** Listed entries follows **

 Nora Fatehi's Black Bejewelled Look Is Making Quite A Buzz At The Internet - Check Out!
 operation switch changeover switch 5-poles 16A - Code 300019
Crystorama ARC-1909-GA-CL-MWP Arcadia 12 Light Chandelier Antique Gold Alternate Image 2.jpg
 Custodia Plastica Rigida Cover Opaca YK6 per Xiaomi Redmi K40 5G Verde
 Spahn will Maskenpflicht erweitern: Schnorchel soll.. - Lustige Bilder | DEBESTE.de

** End of Listed entries **
** Listed entries follows **

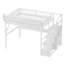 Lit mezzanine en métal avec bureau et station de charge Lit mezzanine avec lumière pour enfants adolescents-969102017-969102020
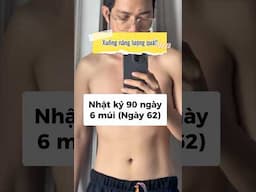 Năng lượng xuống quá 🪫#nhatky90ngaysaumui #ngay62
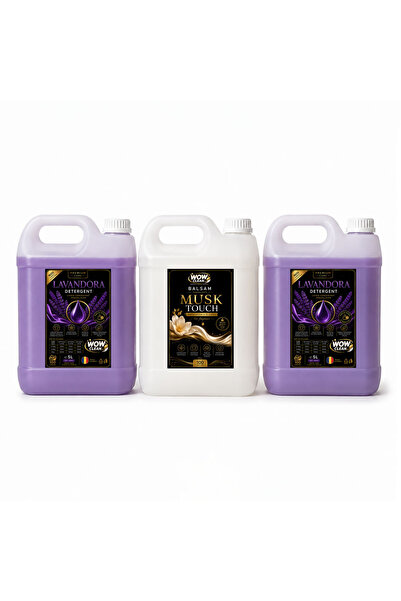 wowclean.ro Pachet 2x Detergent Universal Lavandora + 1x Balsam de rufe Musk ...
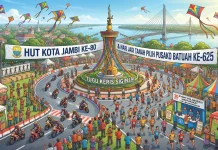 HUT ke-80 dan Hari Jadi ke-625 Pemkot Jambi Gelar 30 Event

** End of Listed entries **

--- What to work on ---
As listed above, the lines from the line with "Crystorama ARC-1909-GA-CL-MWP Arcadia" to the line with "Spahn will Maskenpflicht" are to be echoed exactly, with both ends included and nothing added.

--- Answer area ---
Crystorama ARC-1909-GA-CL-MWP Arcadia 12 Light Chandelier Antique Gold Alternate Image 2.jpg
 Custodia Plastica Rigida Cover Opaca YK6 per Xiaomi Redmi K40 5G Verde
 Spahn will Maskenpflicht erweitern: Schnorchel soll.. - Lustige Bilder | DEBESTE.de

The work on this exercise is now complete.